Buddhism emphasizes the interconnectedness of the world, and this "interbeing" has no limit. Since I am part of the system that produced this war and these atrocities, then I too share the blame.

What else do the scenes from Abu Ghraib reveal?

They reveal an undeniable aspect of war that we would prefer to keep out of view. The death and mutilation going on in Iraq right now are much worse, and on a much larger scale, than what we're seeing in the photos. One of the oldest teachings in Buddhism is that violence begets violence. If you look at what has happened in the world since 9/11, the level of violence has increased dramatically. Now we are encountering the bounds of "an eye for an eye." As Gandhi said, that method will leave the whole world blind.

The prison guards are victims along with the prisoners. The guards have been overcome by fear and hatred to the point of losing touch with their own humanity. They are not in their right minds. They have stopped thinking of the prisoners as fellow human beings. Albert Schweitzer put it this way: "War makes us guilty of the crime of inhumanity."

Buddhism is known for advocating nonviolence. Is that realistic in this situation?

Nonviolence is indeed at the core of Buddhism. The first precept of moral behavior is "Do not kill. Cherish all life." Contemporary Buddhists believe that this principle is as applicable today as it was 2,500 years ago. Nonviolence has a force of its own, not to be underestimated.

Policy experts might say, "Nonviolence would never work in dealing with terrorists." Perhaps not. But imagine, just for a moment, that the United States built up its nonviolent capabilities on a scale comparable to our current investment in the military - with the necessary money and training, backed by a willingness to make sacrifices.. That would certainly yield a wider array of options.

Buddhism teaches that it is almost always possible to move in the direction of nonviolence, even though perfect nonviolence may be unattainable. This means that even in the midst of war, it is possible to honor the human rights of prisoners.

Does Buddhism have a "just-war" doctrine, as Christianity does?

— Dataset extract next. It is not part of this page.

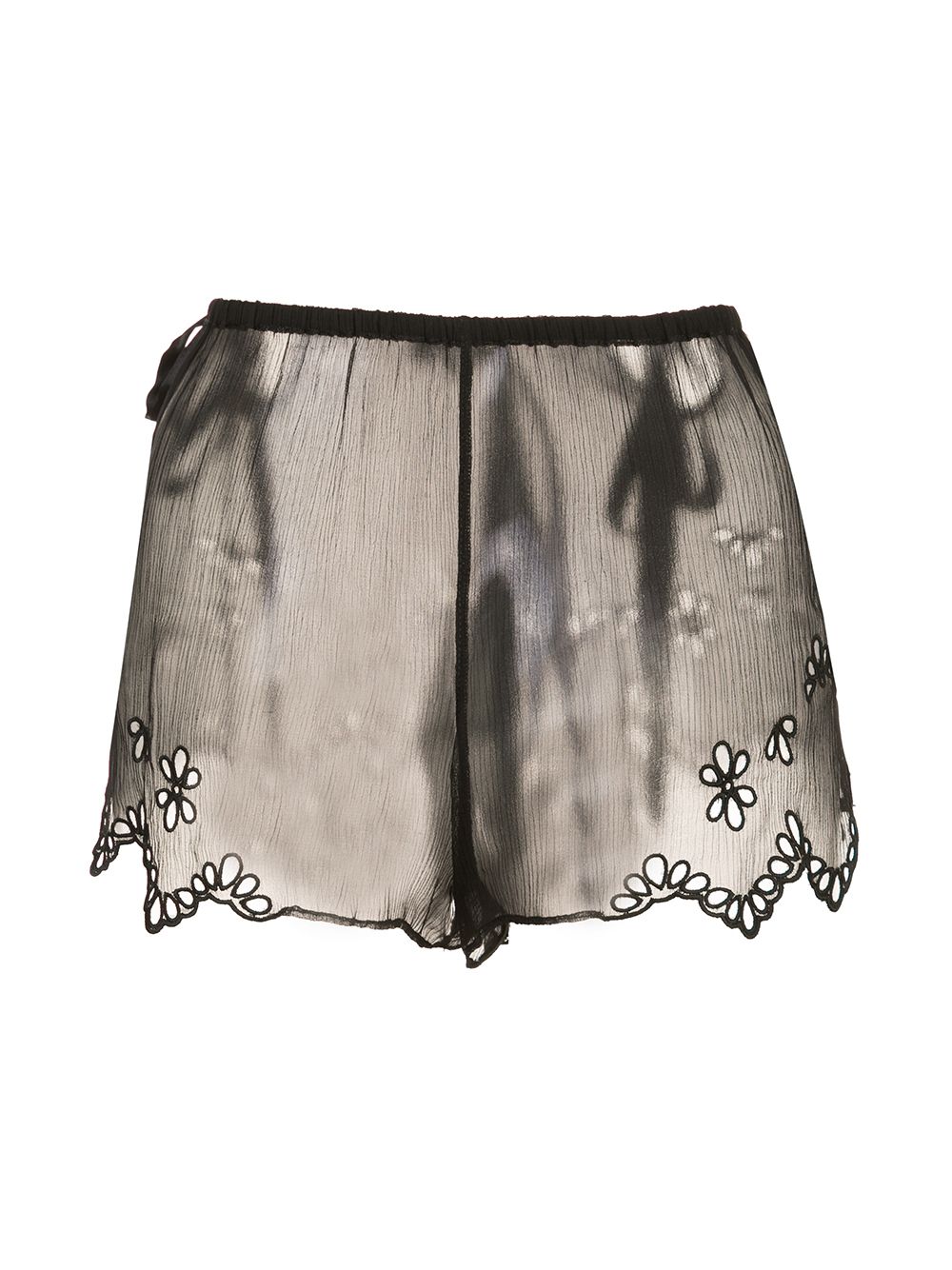 Kiki De Montparnasse Sheer Lace Shorts - Farfetch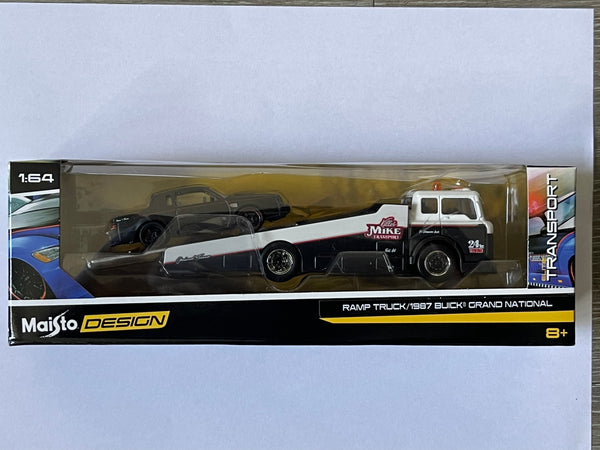 MAISTO DESIGN RAMP TRUCK / 1987 BUICK GRAND NATIONAL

Some Buddhists adhere to absolute pacifism; for them, all war is morally wrong. There are others who say that avoidance of war is always the ideal, but in some real-world situations the use of force may be required. Today's engaged Buddhists are working creatively on these questions. Whatever guidelines emerge, the starting point will remain the same: cause the least possible harm. Those who invoke just-war theory must also be willing to conclude that a particular war does not satisfy the necessary criteria, and therefore cannot be called just.

Is the notion of karma relevant here? Are we getting trapped in a vicious cycle of bad karma?

As you know, karma is about action and the consequences of action. All of our actions - and even our thoughts! - are continuously creating new karma. It's a dynamic process, unlike "fate." Buddhism holds that the laws of cause and effect apply in the realm of morality as well as the physical realm.

One traditional explanation uses seeds as a metaphor. We plant seeds of happiness in ourselves and others when we are kind, and we plant seeds of unhappiness when we treat others badly. Often the effects are not immediate.

For example, in parent-child relationships, seeds planted in childhood may not blossom until much later in life.